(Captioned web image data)
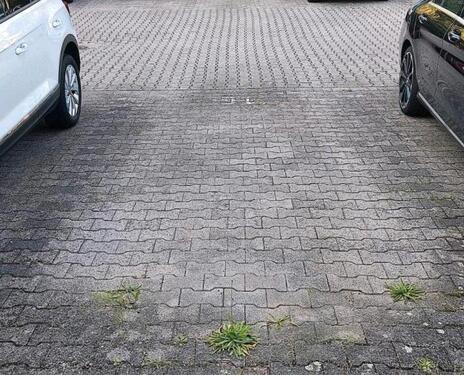 Foto - Stellplatz - 50,00 EUR Miete,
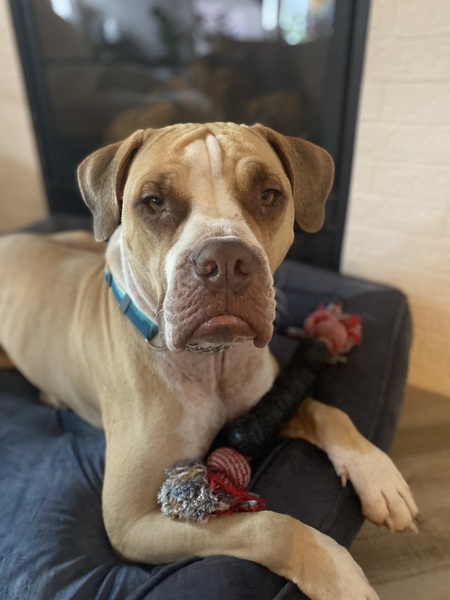 Entry image for Briggs. Clicking this image will show a larger photo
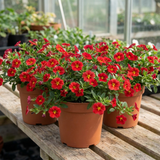 Set of 3 or 6 Large Plants - Calibrachoa Cabaret Red Kiss, Outdoor Garden Ready - Frankton's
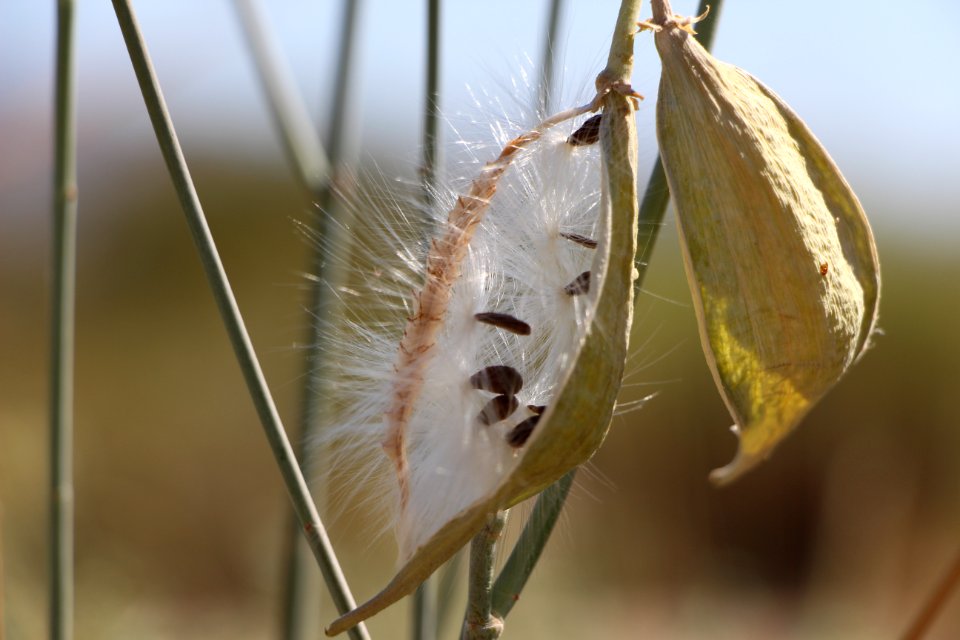 Milkweed seed pod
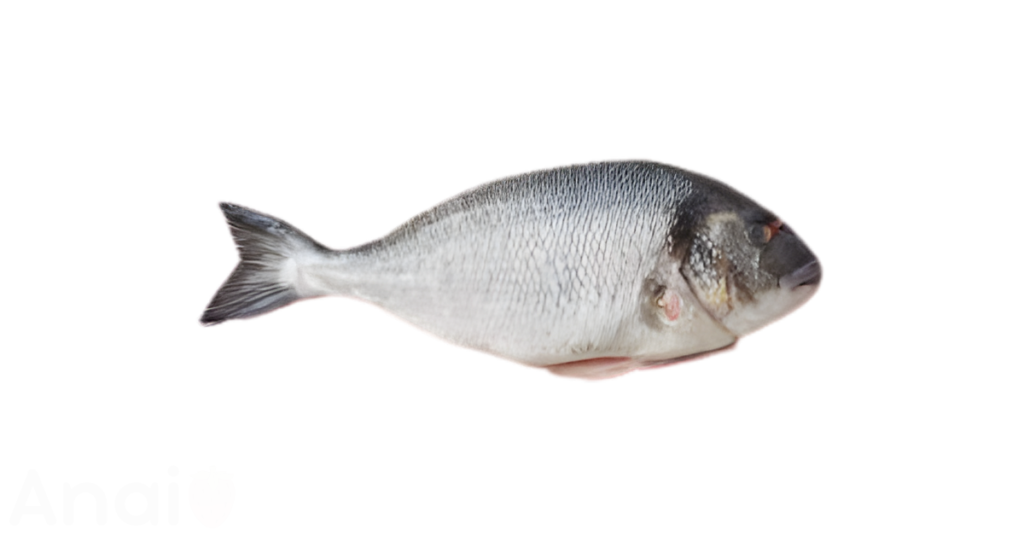 A close-up picture of sea bream related to sea bream nutrition facts, in white background.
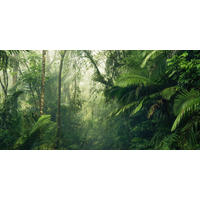 VLIESTAPETE  - Natur (500/250cm) - Komar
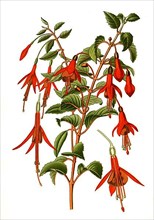 Fuchsia gracilis, globosa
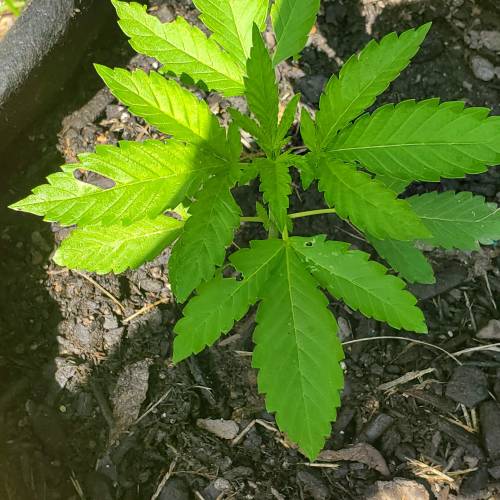Greencrack434. Week 2 - Day 14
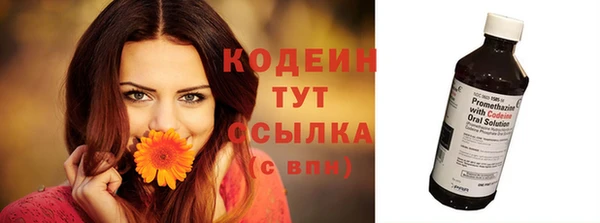 прущий лед Гусев
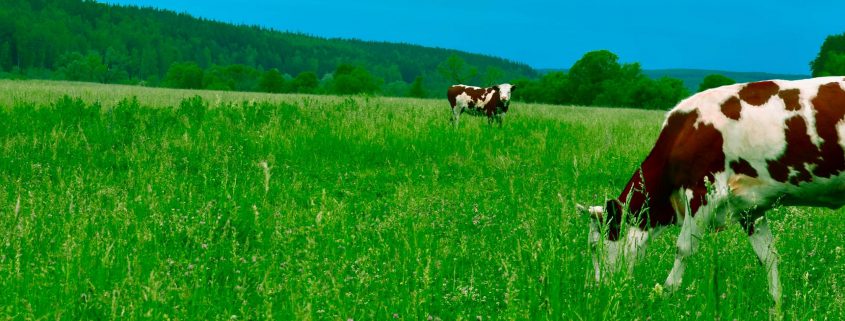 Cattle grazing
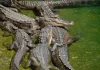 Alligator Vs. Crocodile Size: Which Reptile Is Bigger And Stronger?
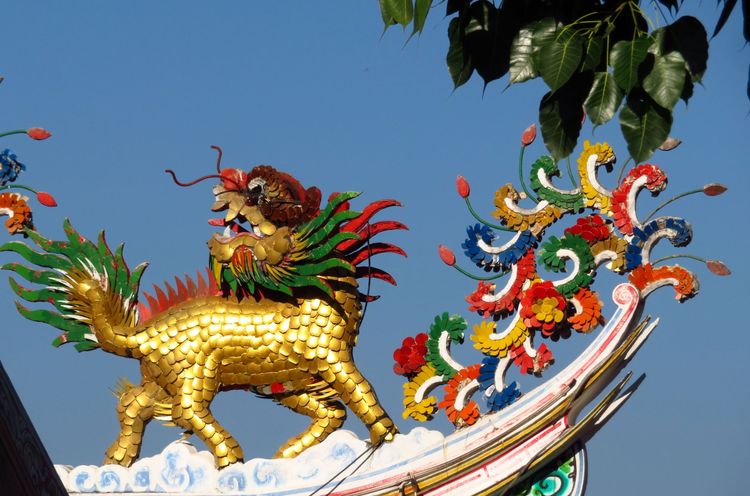 CANON Powershot SX730 HS zoom x40 รูปที่ 4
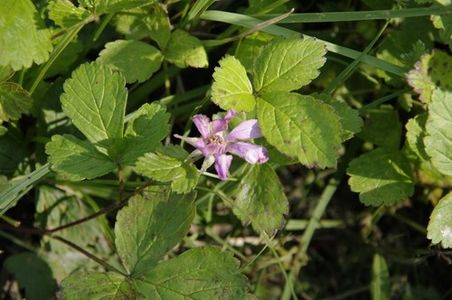 How to Grow and Care for Arctic raspberry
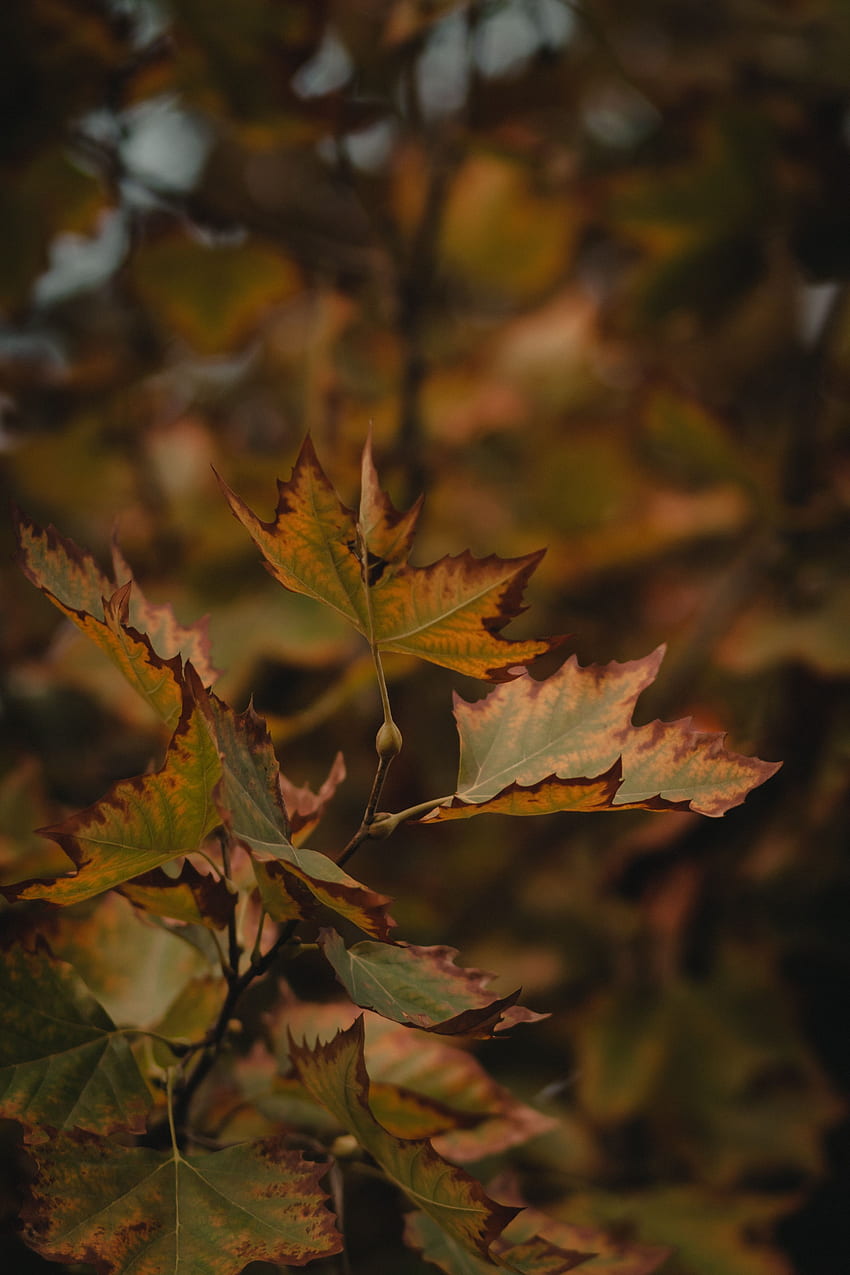 Leaves, Macro, Branch, Dry, Maple HD phone wallpaper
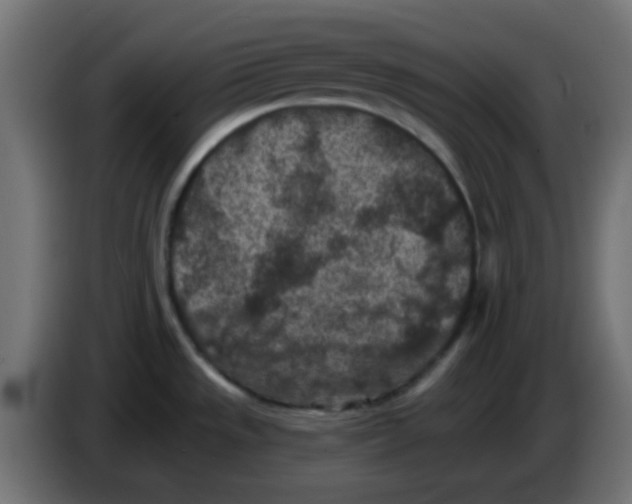 X0000086051533200704131945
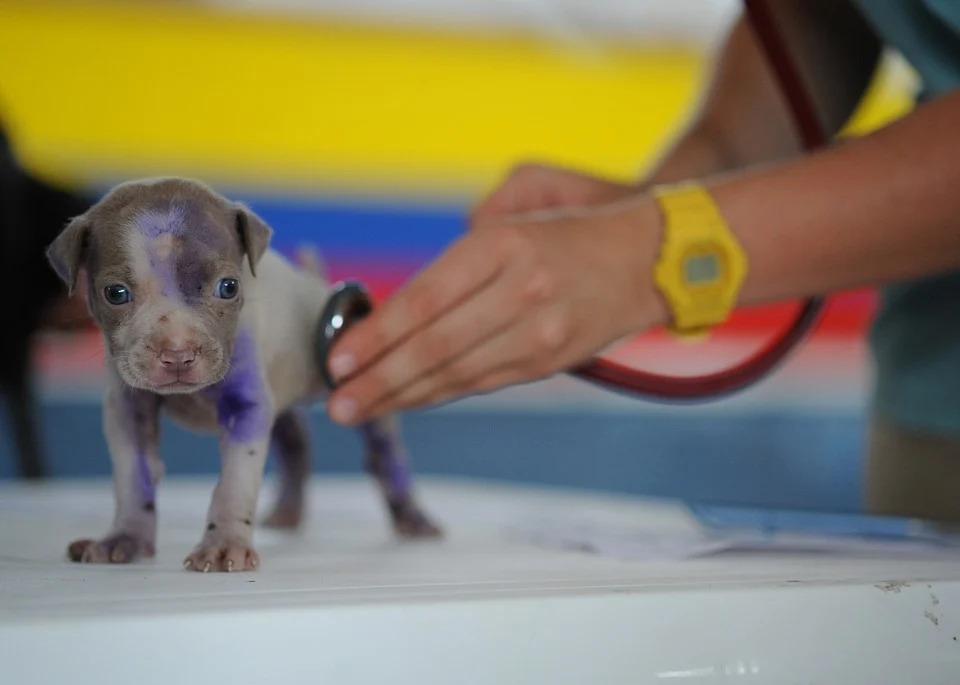 Médico veterinário utilizando estetoscópio para examinar filhote de cachorro. O cachorro possui pelo cinza e está manchado com um remédio na cor roxa. O veterinário está usando uma roupa verde e um relógio amarelo no pulso. Ao fundo, uma faixa na cor amarela, azul e vermelha, com listras horizontais nessas respectivas cores.

A imagem foi retirada do site Pixabay para a matéria do Colab cobre saúde mental e medicina veterinária.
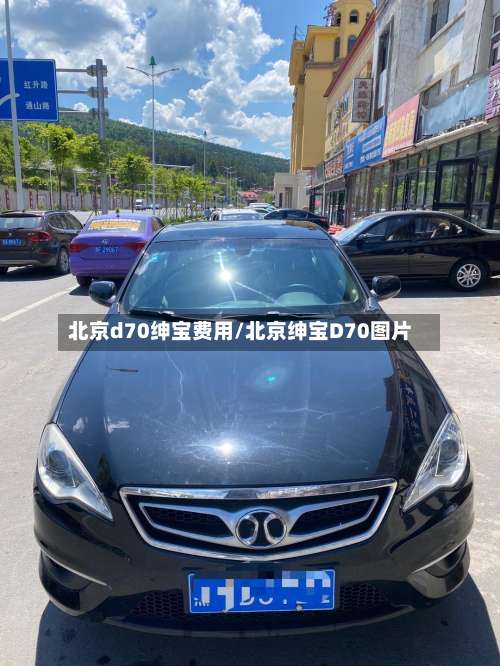 北京d70绅宝费用/北京绅宝D70图片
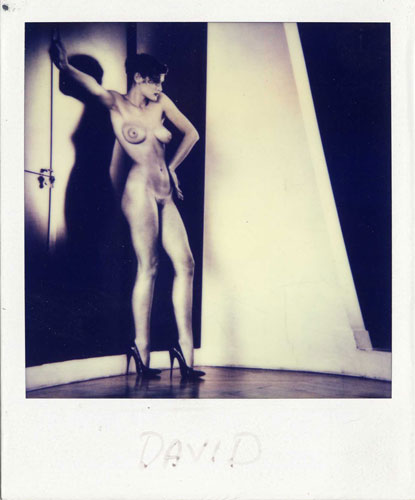 Polaroid; Atlas Gallery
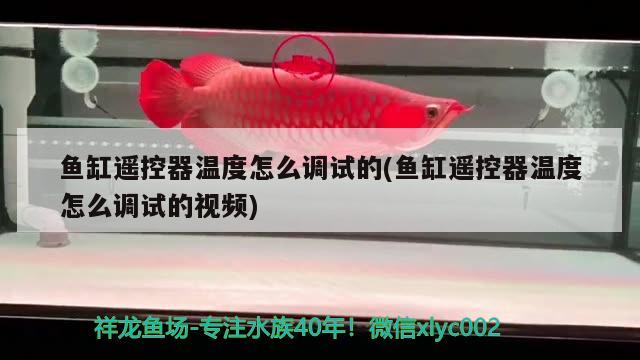 魚缸遙控器溫度怎么調(diào)試的(魚缸遙控器溫度怎么調(diào)試的視頻) 皇冠黑白魟魚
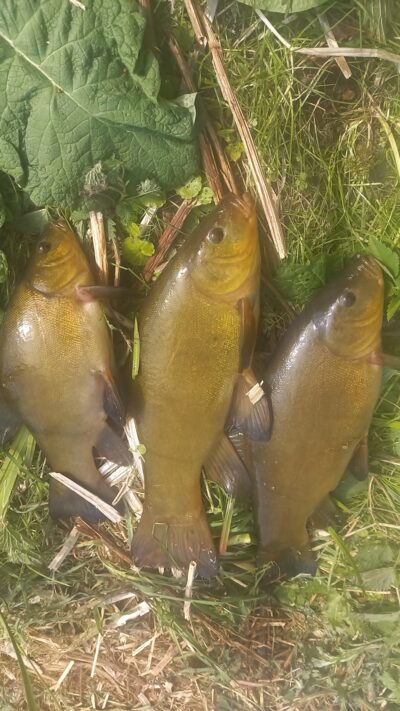 Tench ×3 — Užvenčio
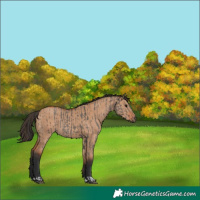 Horse Color:Grullo  and Bay Dun 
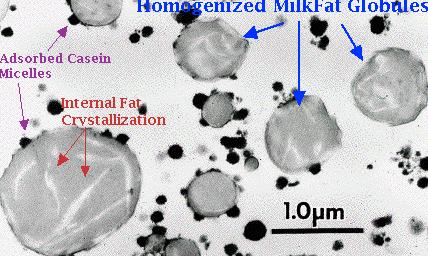 emulsões Leite Estrutura Microscópica do leite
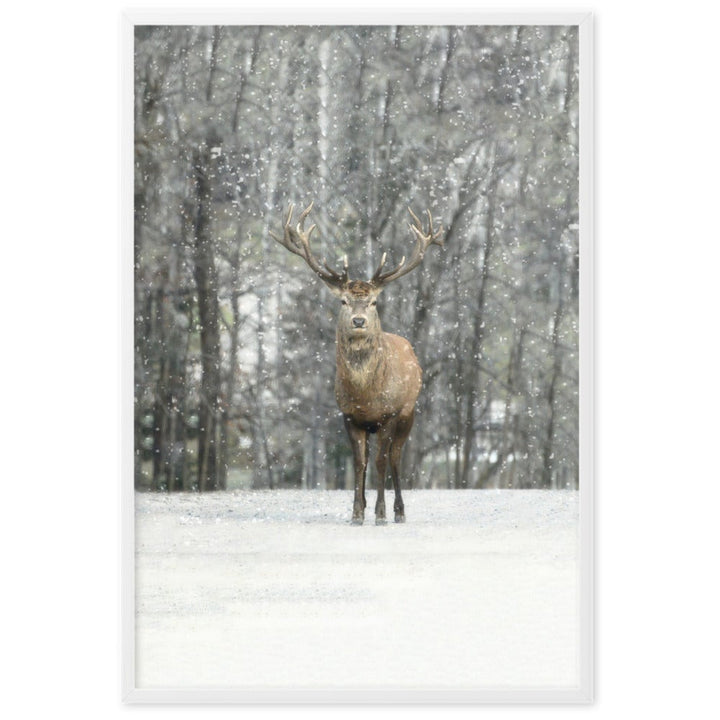 Rotwild im Schnee - Poster artlia
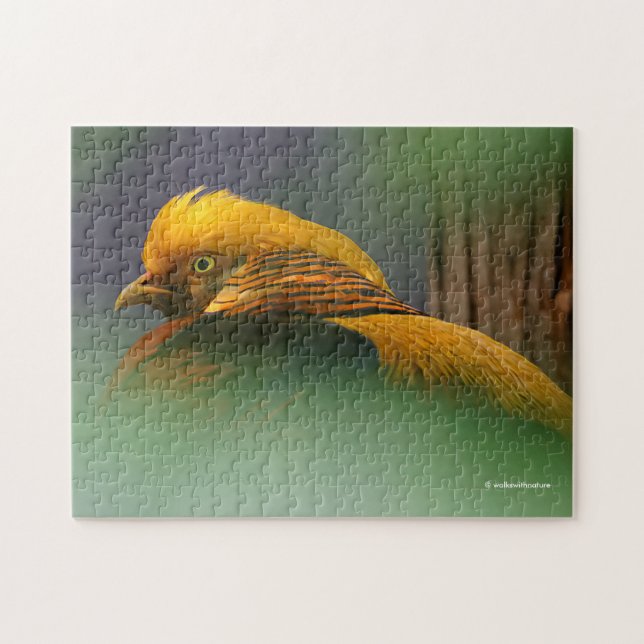 Framställning från Grönten: Golden Pheasant Pussel (Horisontell)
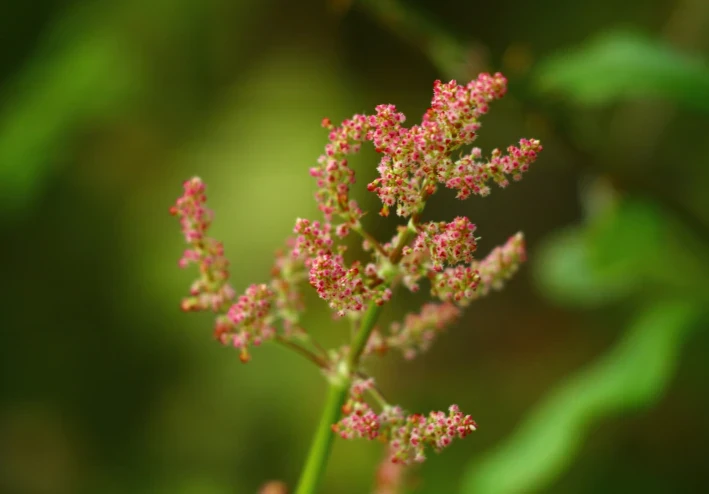 نبات الحميض: صيدلية الربيع المنسية وكنز الساحل السوري الغذائي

- What this task involves -
Please give back every line above exactly as it stands, without pictures.

- Task result -
 Foto - Stellplatz - 50,00 EUR Miete,
 Entry image for Briggs. Clicking this image will show a larger photo
 Set of 3 or 6 Large Plants - Calibrachoa Cabaret Red Kiss, Outdoor Garden Ready - Frankton's
 Milkweed seed pod
 A close-up picture of sea bream related to sea bream nutrition facts, in white background.
 VLIESTAPETE  - Natur (500/250cm) - Komar
 Fuchsia gracilis, globosa
Greencrack434. Week 2 - Day 14
 прущий лед Гусев
 Cattle grazing
 Alligator Vs. Crocodile Size: Which Reptile Is Bigger And Stronger?
 CANON Powershot SX730 HS zoom x40 รูปที่ 4
 How to Grow and Care for Arctic raspberry
 Leaves, Macro, Branch, Dry, Maple HD phone wallpaper
 X0000086051533200704131945
 Médico veterinário utilizando estetoscópio para examinar filhote de cachorro. O cachorro possui pelo cinza e está manchado com um remédio na cor roxa. O veterinário está usando uma roupa verde e um relógio amarelo no pulso. Ao fundo, uma faixa na cor amarela, azul e vermelha, com listras horizontais nessas respectivas cores.

A imagem foi retirada do site Pixabay para a matéria do Colab cobre saúde mental e medicina veterinária.
 北京d70绅宝费用/北京绅宝D70图片
 Polaroid; Atlas Gallery
 魚缸遙控器溫度怎么調(diào)試的(魚缸遙控器溫度怎么調(diào)試的視頻) 皇冠黑白魟魚
 Tench ×3 — Užvenčio
 Horse Color:Grullo  and Bay Dun 
 emulsões Leite Estrutura Microscópica do leite
 Rotwild im Schnee - Poster artlia
 Framställning från Grönten: Golden Pheasant Pussel (Horisontell)
 نبات الحميض: صيدلية الربيع المنسية وكنز الساحل السوري الغذائي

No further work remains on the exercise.